Greentech Media, also known as GTM, was a media company based in Massachusetts, United States, that generated online daily reports, market research studies, and news on green technology and green jobs.

== History ==
Greentech Media was founded in February 2007 by Scott Clavenna and Rick Thompson, and raised $1 million in venture capital funding the following May. In May 2008, it announced it raised another $2.75 million.

In 2016, the research and consultancy group Wood Mackenzie acquired the company.

In February 2021, Wood Mackenzie announced the closure of the company. The company had four offices, in Boston, New York, San Francisco and Munich.
== Podcasts ==

=== Political Climate ===
Political Climate was debuted by Greentech Media in April 2018. In 2019, it became funded by the USC Schwarzenegger Institute with support from the Leonardo DiCaprio Foundation, and later from Canary Media and think tank Third Way.

In December 2022, Political Climate announced it was "taking a break" for an indefinite period.

In April 2024, the podcast returned under the production of Latitude Media.

==== Format ====
Political Climate covered recent news items relating to climate activism and politics in the United States of America. It typically featured a debate on energy and environmental policy between its 'resident Republican' Shane Skelton and its 'resident Democrat' Brandon Hurlbut, moderated by journalist Julia Pyper. Since the re-launch of the show in 2024, Emily Domenech has served as the show's 'resident Republican'.

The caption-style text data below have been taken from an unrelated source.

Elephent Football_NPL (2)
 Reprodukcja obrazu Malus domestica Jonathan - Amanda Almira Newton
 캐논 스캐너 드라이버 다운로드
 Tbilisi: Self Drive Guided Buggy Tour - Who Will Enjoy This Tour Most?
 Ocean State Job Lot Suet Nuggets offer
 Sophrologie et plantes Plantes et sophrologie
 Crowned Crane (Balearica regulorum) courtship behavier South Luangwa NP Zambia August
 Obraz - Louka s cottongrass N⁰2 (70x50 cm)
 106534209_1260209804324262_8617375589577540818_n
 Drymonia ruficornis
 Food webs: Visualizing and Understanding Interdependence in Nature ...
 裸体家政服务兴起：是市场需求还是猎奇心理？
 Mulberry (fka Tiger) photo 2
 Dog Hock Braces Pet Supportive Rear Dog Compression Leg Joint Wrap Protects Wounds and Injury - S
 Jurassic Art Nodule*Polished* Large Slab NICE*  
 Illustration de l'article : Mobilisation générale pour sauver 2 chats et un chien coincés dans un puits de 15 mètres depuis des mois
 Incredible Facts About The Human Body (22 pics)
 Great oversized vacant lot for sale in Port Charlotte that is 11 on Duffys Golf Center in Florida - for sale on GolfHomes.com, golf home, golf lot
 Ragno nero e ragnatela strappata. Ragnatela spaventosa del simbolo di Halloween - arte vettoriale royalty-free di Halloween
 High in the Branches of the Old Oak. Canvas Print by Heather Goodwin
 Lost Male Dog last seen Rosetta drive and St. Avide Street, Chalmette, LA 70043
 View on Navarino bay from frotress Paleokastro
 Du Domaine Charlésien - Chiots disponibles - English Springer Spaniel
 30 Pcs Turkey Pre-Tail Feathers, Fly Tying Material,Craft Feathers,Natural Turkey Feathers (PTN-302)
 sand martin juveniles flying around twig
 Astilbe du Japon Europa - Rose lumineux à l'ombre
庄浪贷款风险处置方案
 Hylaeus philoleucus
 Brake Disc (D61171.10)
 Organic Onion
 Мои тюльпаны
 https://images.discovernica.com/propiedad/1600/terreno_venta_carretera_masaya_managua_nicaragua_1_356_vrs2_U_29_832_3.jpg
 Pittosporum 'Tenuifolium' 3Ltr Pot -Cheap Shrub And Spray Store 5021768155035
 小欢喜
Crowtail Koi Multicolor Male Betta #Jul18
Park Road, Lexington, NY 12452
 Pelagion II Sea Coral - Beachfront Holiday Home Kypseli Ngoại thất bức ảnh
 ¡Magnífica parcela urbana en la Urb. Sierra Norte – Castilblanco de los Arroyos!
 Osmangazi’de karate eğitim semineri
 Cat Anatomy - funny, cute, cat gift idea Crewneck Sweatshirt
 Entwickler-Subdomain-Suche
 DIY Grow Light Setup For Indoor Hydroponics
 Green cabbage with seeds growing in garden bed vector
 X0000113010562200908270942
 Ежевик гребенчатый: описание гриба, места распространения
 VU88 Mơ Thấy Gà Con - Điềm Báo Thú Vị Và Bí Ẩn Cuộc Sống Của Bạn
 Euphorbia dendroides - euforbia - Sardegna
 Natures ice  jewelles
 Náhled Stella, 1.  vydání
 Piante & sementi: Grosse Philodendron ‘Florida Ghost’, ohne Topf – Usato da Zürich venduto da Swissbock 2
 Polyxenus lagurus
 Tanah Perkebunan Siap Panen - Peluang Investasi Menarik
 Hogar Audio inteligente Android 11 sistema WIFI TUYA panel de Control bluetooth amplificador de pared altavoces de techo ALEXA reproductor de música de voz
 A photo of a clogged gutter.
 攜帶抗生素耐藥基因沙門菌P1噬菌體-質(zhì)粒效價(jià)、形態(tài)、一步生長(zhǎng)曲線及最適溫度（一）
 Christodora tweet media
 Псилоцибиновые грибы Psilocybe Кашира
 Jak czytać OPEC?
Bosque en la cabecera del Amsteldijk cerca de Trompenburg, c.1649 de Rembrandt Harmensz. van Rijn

The podcast occasionally featured interviews with politicians, activists, and journalists. Notable guests included United Nations Secretary-General António Guterres, former Governor of California Arnold Schwarzenegger, environmental activist Greta Thunberg, former United States Secretary of State John Kerry, United States Senator Alex Padilla, and former United States Congressman Carlos Curbelo.

==== Awards ====
At the 2022 Cleanie Awards, Political Climate won the People's Choice Award for Top Clean Energy and Sustainability Podcast.

=== Other podcasts ===
Greentech Media produced two other podcasts: Energy Gang, a weekly digest of energy topics, hosted by Stephen Lacey, Katherine Hamilton, and Jigar Shah, and The Interchange, a more technical energy podcast featuring industry insights, hosted by Stephen Lacey and Shayle Kann.

Energy Gang and The Interchange have both continued under the Wood Mackenzie brand.

== Reception and legacy ==
In 2010, the Webby Awards recognised Greentech Media as an Honoree of its 'Websites and Mobile Sites Sustainability & Environment' category.

In 2021, the founder and CEO of CleanTechnica, Scott Cooney, said Greentech Media was "seen as one of the top cleantech sites globally for the last decade plus". Swarnav S Pujari of Gaiascope called it the "go-to publication for cleantech news and analysis".

In April 2021, shortly after Greentech Media closed, several of its journalists and staff members launched Canary Media, an independent affiliate of RMI.